Ada yg bisa share? Menurut saya, masalah logistic ini sangat penting. Inilah “RUH” sesungguhnya dr proses evakuasi, rehabilitasi dan kontruksi.
Salam,
Nurhadi
AFAIK, untuk bencana yang cepat mulai dari tahapan peringatan dini, emergency,rehabilitasi, pembangunan ulang, mitigas bencana dan khusunya untuk tahapan emergency, saya bisa share sedikit :
-tahap emergency dimana butuh bantuan cepat untuk mempertahankan hidup seperti air bersih, makanan, obat-obatan, pakaian, tenda dll. Untuk tahapan ini memang perlu kesigapan logistk yang cepat.
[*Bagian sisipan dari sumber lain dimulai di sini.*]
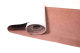 Meterware upholstery fabric suede-look, brown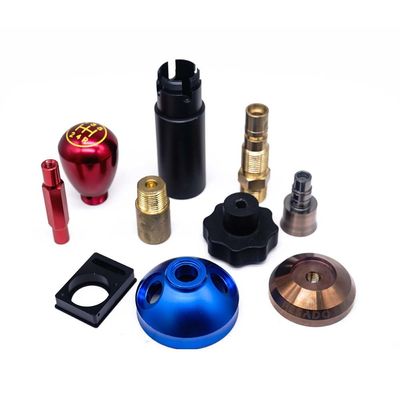 Pirinç Alüminyum CNC Torna Parçaları Antikorozif Tolerans 0.01mm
Kondisi geografis Indonesia memang menjadi tantangan tersendiri proses logistic apalagi kalau semuanya harus dikirim dari Jakarta L. Dalam kehidupan bermasyarakat, dan khususnya masyarakat muslim menyatakan bahwa tetangga adalah saudara dan lebih mengetahui kebutuhan yang diperlukan korban (kasus gempa Armenia, banyak obat-obatan yang tidak dapat digunakan).
Proses logistic untuk bencana yang tercepat untuk geografis Indonesia menggunakan analogi tetangga di atas, misalkan pada level provinsi/kabupaten/kotamadya menyiapkan rencana kontingensi untuk logitik bencana jika tetangga-nya mengalami bencana khususnya pada bagaimana melakukan transportasi dan distribusi.
Kita pernah melakukan penelitian sederhana mengenai alokasi bantuan untuk case gempa Yogyakarta 2006 dimana bantuan tercepat dihitung dari tetangga-nya (kabupaten-kabupaten di Jawa Tengah) dari sisi besaran bantuan untuk fase emergency dan rehabilitasi awal kekurangan kurang lebih 50% diambil dari area lain di Indonesia (asumsi : dari donasi 2.5% setiap orang pekerja aktif – BPS 2006, UMR 2006, prioritas korban selamat).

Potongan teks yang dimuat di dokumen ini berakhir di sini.